For chronic models amounts are usually transformed before the statistical model is fit. The power transformation, given by \(y^p\), has been replaced by the equivalent Box-Cox transformation. The Box-Cox transformation is a linear function of the power transformation, given by \((y^p-1)/p\), and has a better numerical stability. Gauss-Hermite integration is used for back-transformation (see also Box Cox power transformation).

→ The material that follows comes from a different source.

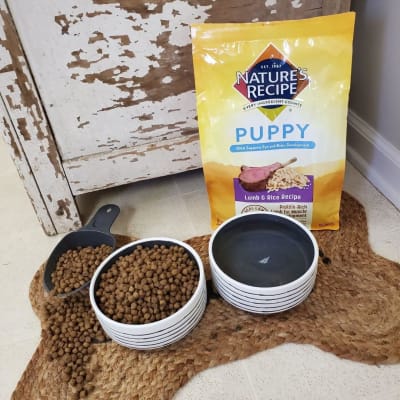 Nature s Recipe Puppy Lamb Rice Recipe Dry Dog Food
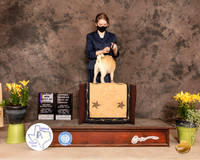 Pug7SBBHurl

Discrete/semi-parametric model (ISUF)¶
Nusser et al. [Nusser et al., 1996] described how to assess chronic risks for data sets with positive exposures (a small fraction of zero exposures was allowed, but then replaced by a small positive value). The modelling allowed for heterogeneity of variance, e.g. the concept that some people are more variable than others with respect to their consumption habits. However, a disadvantage of the method was the restricted use to contaminated foods which were consumed on an almost daily basis, e.g. dioxin in fish, meat or diary products. The estimation of usual exposure from data sets with a substantial amount of zero exposures became feasible by modelling separately zero exposure on part or all of the days via the estimation of exposure probabilities as detailed in Nusser et al. [Nusser et al., 1997] and Dodd [Dodd, 1996]. In MCRA, a discrete/semi-parametric model is implemented allowing for zero exposure and heterogeneity of variance following the basic ideas of Nusser et al. and Dodd ([Nusser et al., 1996], [Nusser et al., 1997], [Dodd, 1996]). This implementation of the ISUF model for chronic risk assessment is fully described in de Boer et al. [de Boer et al., 2009].